Biden called Queen Elizabeth II “decent” and “honorable” and “all about service” saying his heart went out to the royal family.
“Queen Elizabeth lived her life for the people,” Jill Biden wrote in a book for spouses and ambassadors. “She served with wisdom and grace. We will never forget her warmth, kindness and the conversations we shared.”
BIDEN: We’ve had an opportunity to meet with an awful lot of consequential people, but I can say that the ones who stand out in your mind are those whose relationship and interaction with you are consistent with their reputation.
When the Queen had us to the castle for tea and — we were joking — crumpets — she kept offering me more; I kept eating everything she put in front of me — but she was the same in person as she — as her image: decent, honorable, and all about service.
And our hearts go out to the Royal Family — King Charles and all the family. It’s a loss that leaves a giant hole. And sometimes you think you’ll never — you’ll never overcome it.
But as I’ve told the King, she’s going to be with him every step of the way — every minute, every moment. And that’s a reassuring notion.
So, to all the people of England, all the people of the United Kingdom, our hearts go out to you. And you were fortunate to have had her for 70 years. We all were. The world is better for her.
Q Mr. President, why does she remind you of your mother?
BIDEN: Just because of the way she touched when she leaned over. The way — she had that look like, “Are you okay? Anything I can do for you? What do you need?” And then also, “Make sure you do what you’re supposed to do.” (Laughter.)
Q What do you think she meant to the wider world beyond the UK, Mr. President?

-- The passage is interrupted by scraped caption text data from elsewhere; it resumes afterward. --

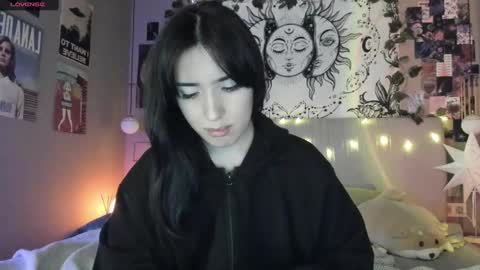 Anisa Moan from LovenseWet from Tip MenuOpen for Private online show from January 29, 6:07 pm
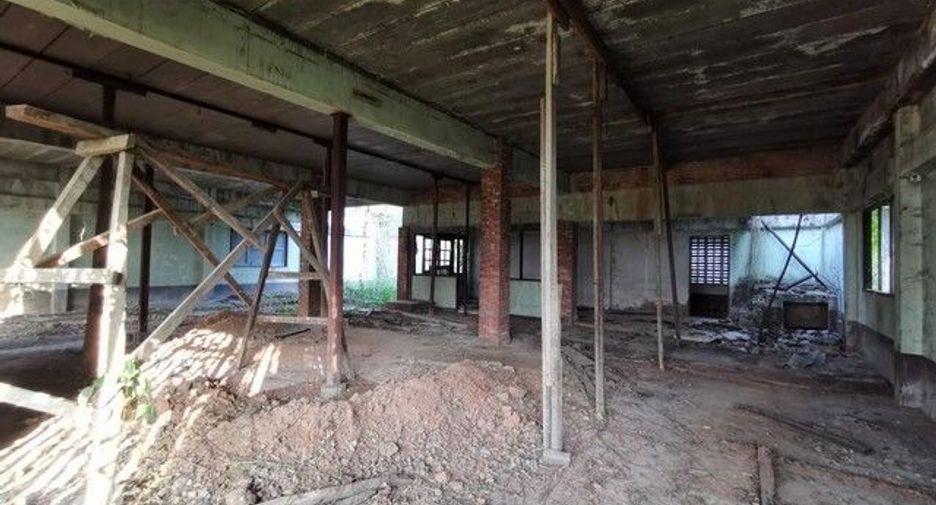 For sale 1 bed warehouse in Mueang Chiang Rai, Chiang Rai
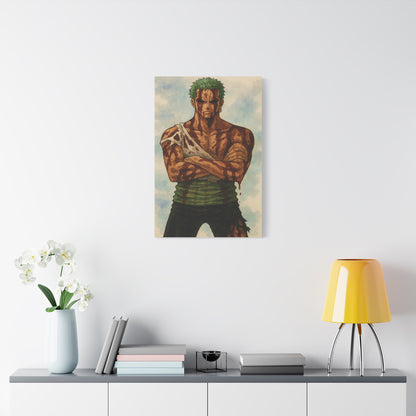 Roronoa Zoro (One Piece)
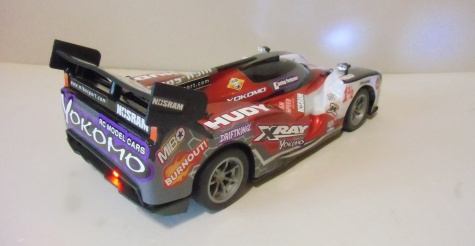 rc car rc car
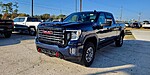 Used 2021 GMC SIERRA 2500 AT4 in SLIDELL, LOUISIANA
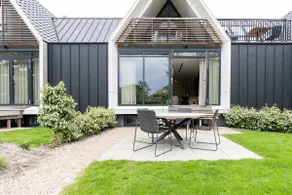 Apartment with Sauna Close to the Sea in Oostkapel - Image 2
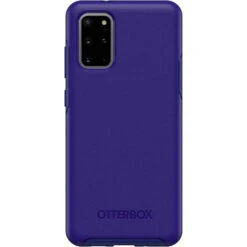 Coque IPhone 14 Pro Max Symmetry Series Sapphire Secret (Blue)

BIDEN: Well, I think — look, the American press has heard me say for a long time that I think the thing that is — maybe it’s too much, excuse the expression, the Irish of it, but it’s about treating people with dignity.
I talk about how my mother and father thought that everyone, no matter who they were, no matter what their station, no matter where they were from deserved to be treated with dignity.
And that’s exactly what she communicated — just the way she walked by her staff, just the way — just the way she acted.
And I think what she gave is a sense of — maybe above all, the notion of service. We all owe something. There’s something within our capacity to do that can make things — not just the world better, but your neighborhood better, your household better, your workplace better.
And that — that’s what she communicated to me, anyway. And it was an honor to meet her — an honor to meet her.